Thread: Full text search - query plan? PG 8.4.1

Full text search - query plan? PG 8.4.1

From
Jesper Krogh
Date:
Hi.

I'm currently testing out PostgreSQL's Full Text Search capabillities.
We're currenly using Xapian, it has some nice features and some
drawbacks (sorting), so it is especially this area I'm investigating.

I've loaded the database with 50K documents, and the table definition
is:

ftstest=# \d uniprot
                               Table "public.uniprot"
      Column      |   Type   |                      Modifiers

------------------+----------+------------------------------------------------------
 id               | integer  | not null default
nextval('textbody_id_seq'::regclass)
 body             | text     | not null default ''::text
 textbody_body_fts | tsvector |
 accession_number | text     | not null default ''::text
Indexes:
    "accno_unique_idx" UNIQUE, btree (accession_number)
    "textbody_tfs_idx" gin (textbody_body_fts)
Triggers:
    tsvectorupdate BEFORE INSERT OR UPDATE ON textbody FOR EACH ROW
EXECUTE PROCEDURE tsvector_update_trigger('textbody_body_fts',
'pg_catalog.english', 'body')

"commonterm" matches 37K of the 50K documents (majority), but the query
plan is "odd" in my eyes.

* Why does it mis-guess the cost of a Seq Scan on textbody so much?
* Why doesn't it use the index in "id" to fetch the 10 records?

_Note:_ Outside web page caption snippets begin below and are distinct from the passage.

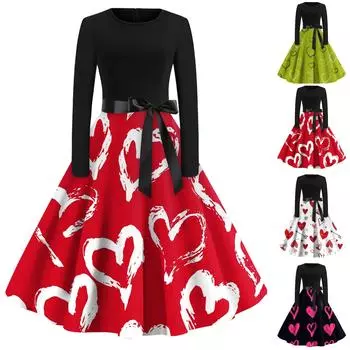 Женское повседневное платье-пуловер с круглым вырезом и длинными рукавами на День святого Валентина L чёрный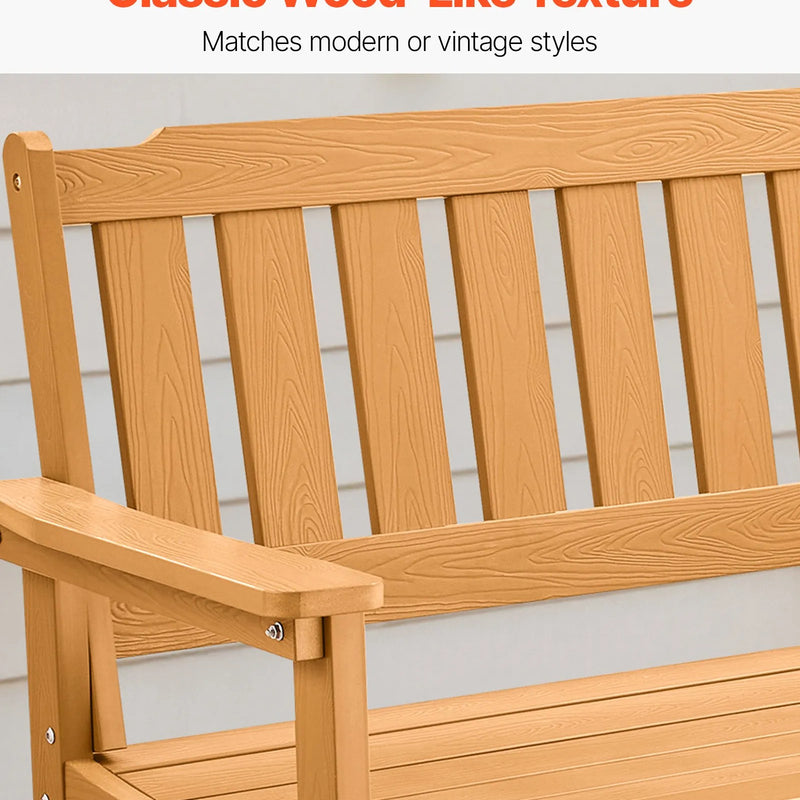 Āra sols 128 cm, izturība līdz 363 kg, paredzēts 2–3 personām, laikapstākļu izturīgs plastmasas rāmis ar atzveltni un platiem roku balstiem, piemērots terasei, dārzam, parkam, pagalmam un lieveņiem, dabīga koka krāsā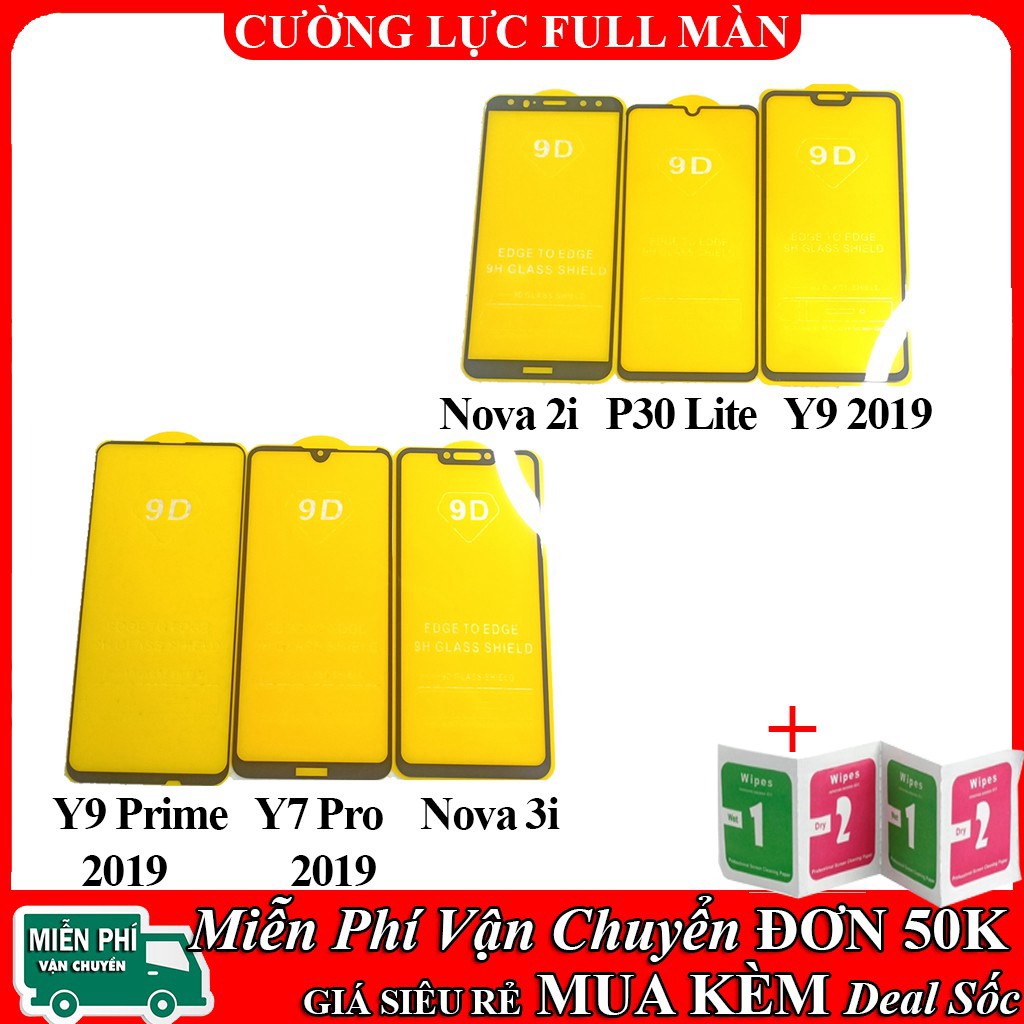 Kính cường lực huawei Nova 5T 3 3i 2i 3e 4e Y9 Prime 2019  Y7 Pro 2018 P30 Lite Y9 2019 Y7 Pro 2019 Full Màn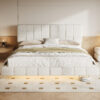 White Boucle Floating Bed with Light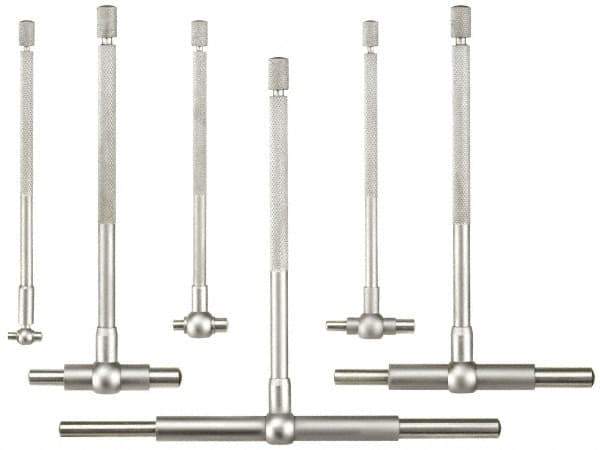 Fowler - 6 Piece, 5/16 to 6 Inch, Hardened Tool Steel Contact Point Ends, Satin Chrome Finish, Telescoping Gage Set - Includes Fitted Vinyl Case - USA Tool & Supply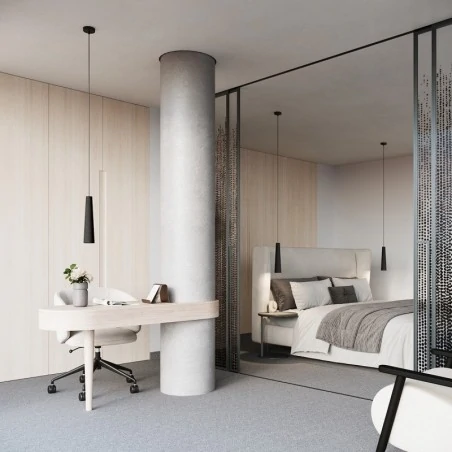 Lampy-sufitowe - lampa wisząca electra czarna beton sollux sl.1355 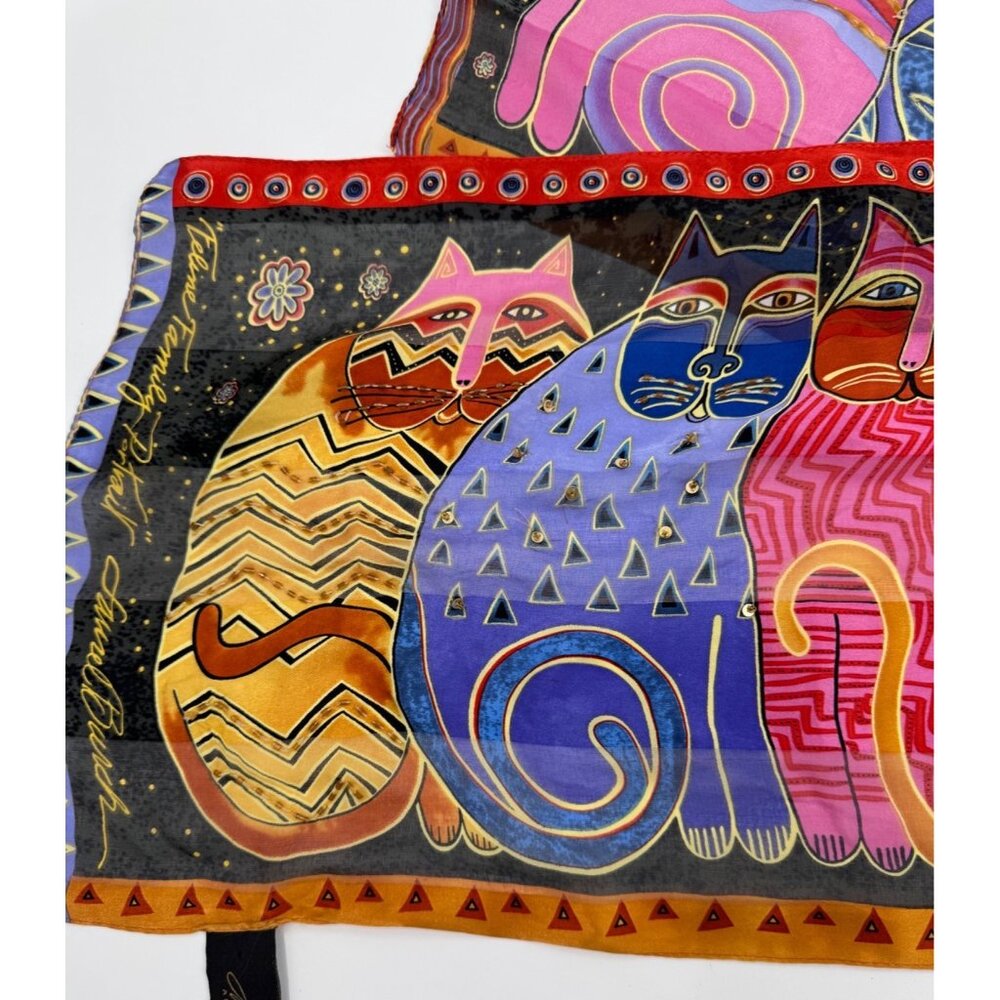 Laurel Burch "Feline Family Portrait" 100% Silk Scarf Vibrant Multicolor Cat Des - Picture 7 of 14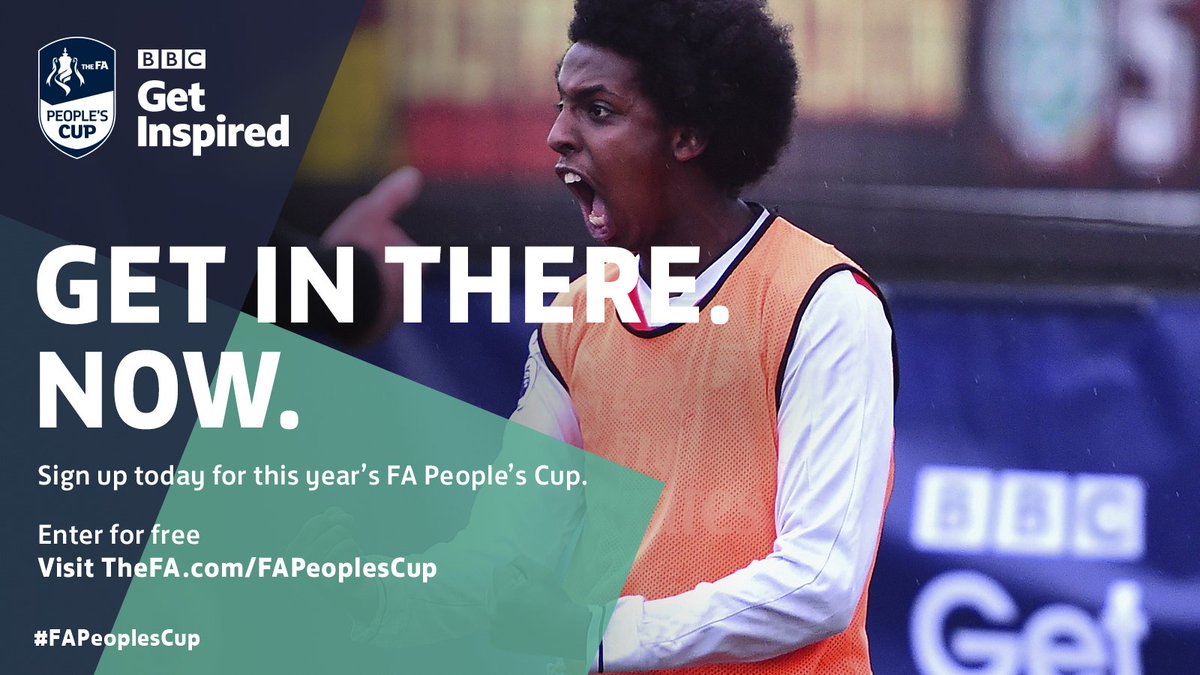The #FAPeoplesCup is back! Enter your team today to play at your local PlayFootball.

It’s fun, it’s free, it’s five-a-side.

Enter the-fa.com/7rz2k8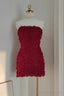 Sexy Sheath Strapless Burgundy Tulle Travel Vacation Dresses Short Birthday Dress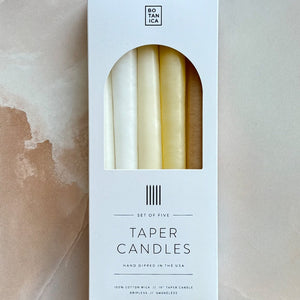 Neutral Taper Candles | Set of 5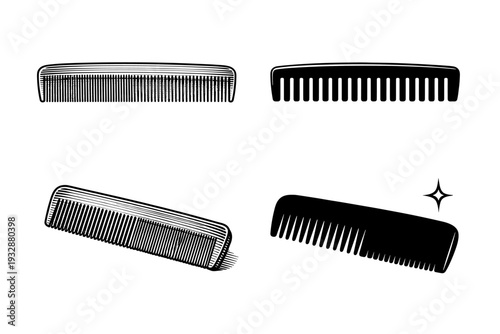 Four variations of black and white classic hair combs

ftstest=#  ANALYZE textbody;
ANALYZE
ftstest=# explain analyze select body from textbody where
textbody_body_fts @@ to_tsquery('commonterm') order by id limit 10 offset 0
                                                          QUERY PLAN


------------------------------------------------------------------------------------------------------------------------------
 Limit  (cost=2841.08..2841.11 rows=10 width=5) (actual
time=48031.563..48031.568 rows=10 loops=1)
   ->  Sort  (cost=2841.08..2933.01 rows=36771 width=5) (actual
time=48031.561..48031.564 rows=10 loops=1)
         Sort Key: id
         Sort Method:  top-N heapsort  Memory: 31kB
         ->  Seq Scan on textbody  (cost=0.00..2046.47 rows=36771
width=5) (actual time=100.107..47966.590 rows=37133 loops=1)
               Filter: (textbody_body_fts @@ to_tsquery('commonterm'::text))
 Total runtime: 48031.612 ms
(7 rows)

This query-plan doesn't answer the questions above, but it does indeed
speed it up significantly (by heading into a Bitmap Index Scan instead
of a Seq Scan)

ftstest=# set enable_seqscan=off;
SET

ftstest=# explain analyze select body from textbody where
textbody_body_fts @@ to_tsquery('commonterm') order by id limit 10 offset 0

QUERY PLAN


---------------------------------------------------------------------------------------------------------------------------------------------------
 Limit  (cost=269942.41..269942.43 rows=10 width=5) (actual
time=47.567..47.572 rows=10 loops=1)
   ->  Sort  (cost=269942.41..270034.34 rows=36771 width=5) (actual
time=47.565..47.567 rows=10 loops=1)
         Sort Key: id
         Sort Method:  top-N heapsort  Memory: 31kB
         ->  Bitmap Heap Scan on textbody  (cost=267377.23..269147.80
rows=36771 width=5) (actual time=15.763..30.576 rows=37133 loops=1)
               Recheck Cond: (textbody_body_fts @@
to_tsquery('commonterm'::text))
               ->  Bitmap Index Scan on textbody_tfs_idx
(cost=0.00..267368.04 rows=36771 width=0) (actual time=15.419..15.419
rows=37134 loops=1)
                     Index Cond: (textbody_body_fts @@
to_tsquery('commonterm'::text))
 Total runtime: 47.634 ms
(9 rows)

To me it seems like the query planner could do a better job?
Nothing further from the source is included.